A secondary structure is formed by proteins of inclusion bodies when they are present under mild conditions and their biological activity is retained up to a limit [137-140].It has been estimated that the solubility of protein under mild conditions lead to the best folding as compared to the solubility at high concentrations [141].

It has also been suggested that when ph values are extreme either the denaturants are present or absent [119, 142], causes the solubility of inclusion bodies. When the ph treatments are extreme than it can cause modifications like alkaline desulfuration and deamidation and it also changes the activity of the protein [143-145] and mostly scientists don’t choose this method.

In addition we can also use many other different solubilization agents like DTT and many more and they reduce the formation of unnecessary formation of disulfide bonds [136, 146-148]. If the proteins have disulfide bonds in their native forms than redox conditions are used.
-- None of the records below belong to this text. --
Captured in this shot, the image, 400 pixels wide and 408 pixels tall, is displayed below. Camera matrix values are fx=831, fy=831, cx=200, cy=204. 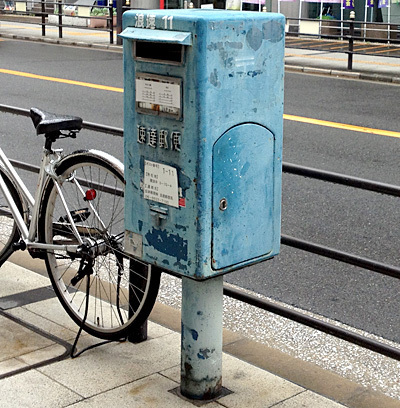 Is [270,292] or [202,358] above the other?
[202,358]

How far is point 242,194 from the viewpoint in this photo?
3.47 metres

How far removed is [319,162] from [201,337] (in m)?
6.03

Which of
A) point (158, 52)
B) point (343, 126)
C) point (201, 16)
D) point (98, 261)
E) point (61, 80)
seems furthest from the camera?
point (61, 80)

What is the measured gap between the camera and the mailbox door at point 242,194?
337 centimetres

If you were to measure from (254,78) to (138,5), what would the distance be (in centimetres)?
2247

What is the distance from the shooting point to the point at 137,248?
3.74 m

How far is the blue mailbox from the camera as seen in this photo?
127 inches

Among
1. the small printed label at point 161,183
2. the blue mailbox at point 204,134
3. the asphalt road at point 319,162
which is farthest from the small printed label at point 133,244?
the asphalt road at point 319,162

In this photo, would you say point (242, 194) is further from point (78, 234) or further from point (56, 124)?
point (56, 124)

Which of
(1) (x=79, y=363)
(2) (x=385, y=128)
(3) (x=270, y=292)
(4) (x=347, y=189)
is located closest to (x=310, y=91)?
(2) (x=385, y=128)

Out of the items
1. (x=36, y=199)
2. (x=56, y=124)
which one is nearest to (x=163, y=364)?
(x=36, y=199)

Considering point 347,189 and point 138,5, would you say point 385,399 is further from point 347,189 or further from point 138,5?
point 138,5

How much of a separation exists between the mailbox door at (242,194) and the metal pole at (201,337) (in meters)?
0.20

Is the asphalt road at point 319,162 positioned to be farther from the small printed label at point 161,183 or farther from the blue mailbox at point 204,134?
the small printed label at point 161,183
If the alkaline ph is mild than there are optimum conditions for the disruption of already present disulfide bonds. Before refolding process the substances that reduce the residues and also have negative impact on the refolding of proteins are firstly removed. The reducing agents that are immobilized are also used and they are also involved in the removal of reducing agents. When the solubilization process is completed than this can be achieved by centrifugation. Before the removal of reducing agents the ph of the system is reduced in order to remove unnecessary formation of disulfide bonds.
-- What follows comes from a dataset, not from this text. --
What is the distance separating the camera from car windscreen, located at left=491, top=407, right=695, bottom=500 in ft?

Refolding of un-folded and solubilized proteins:

The methods which we use for the solubilization of inclusion bodies can cause the un desirable conformation of the proteins that are expressed. If we want to achieve native conformation than the proteins should be properly refolded. In the refolding of proteins the intra molecular interactions are involved and also first order kinetics.

The aggregation of proteins involves the interactions between the intermediates of protein folding and this is preferred at high concentrations of proteins. If the concentration of un folded protein is high than refolding of protein is decreased [149-151].

The refolding process does not involve these intermediates. It is desired that the initial concentration of un folded proteins should be low so that folding of the proteins can be favored. During the initial few steps of refolding the interactions are avoided and renatuartion is achieved when the protein concentration is high.